Billions and Billions: The Economic Costs of Invasive Species
Rossland: an Invasive Weed Demonstration Site
As I walk up the lower portion of Centre Star Gulch Trail (or nearly any trail around Rossland), Hoary Alyssum and Common Tansy and Spotted Knapweed and Giant Burdock are busy crowding out the native plants beside the trail. If you have a furry pet, you may have noticed that the burdock burrs are now out and hitching rides by embedding themselves in any available fur — or maybe your socks.
In Black Bear, and down Trail Creek, and along the Railgrade, and in the 1800 block of Kootenay Avenue (to name just a few places), Himalayan Balsam — also known as Policeman’s Helmet — is burgeoning. It’s speading fast, and crowding out useful native plants like fireweed and thimbleberry. Common Mullein is another import from Europe that is growing vigorously along many of our paths.

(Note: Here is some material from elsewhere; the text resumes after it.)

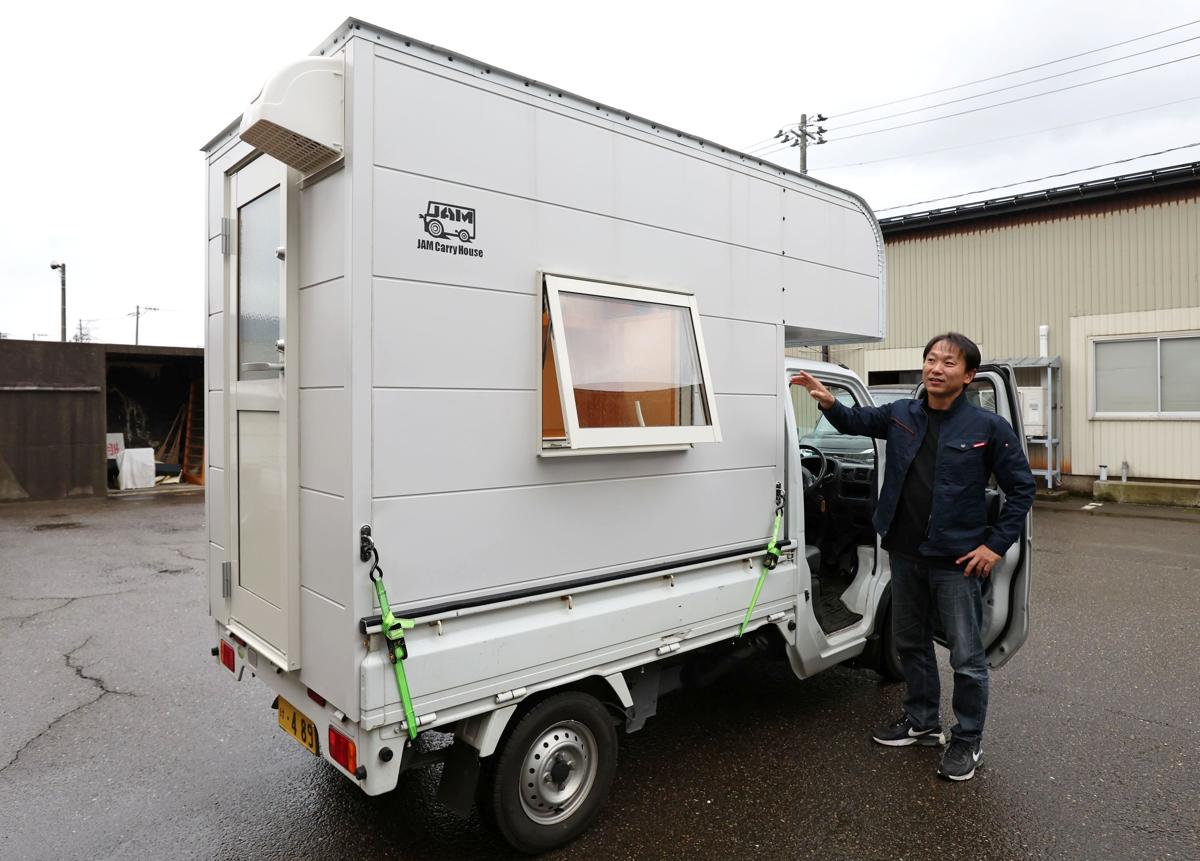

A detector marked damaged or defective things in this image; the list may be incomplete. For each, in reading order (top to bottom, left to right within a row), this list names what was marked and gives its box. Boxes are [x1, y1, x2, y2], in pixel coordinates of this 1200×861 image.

crack in asphalt [0, 642, 136, 777]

Walking past the Public Works Yard in Rossland, I am dismayed by the continued presence of a large patch of Japanese Knotweed. This plant strikes terror into the hearts of homeowners and realtors who know its capacity for damaging foundations and roadways, taking over yards, and reducing property values dramatically. Several residents are struggling to limit infestations of it. Strangely enough, though much has been written about the horror of knotweed, many people in Rossland — including those at City Hall — are blasé about it, and have not taken the necessary measures to eliminate it. Contrast Rossland’s laissez-faire attitude to Japanese Knotweed with the Ministry of Transportation, which took decisive measure to destroy a patch found growing near the foundations of the Second Narrows Ironworkers’ Memorial Bridge in Vancouver. “The Ministry of Transportation takes knotweed extremely seriously,” said Jennifer Grenz, program manager for the Invasive Species Council of Metro Vancouver. “They are very aggressive in their treatments, because of the threats to infrastructure. We’ve had examples of plants we’re pretty sure have gone under four lanes of highway and have popped up on the other side.”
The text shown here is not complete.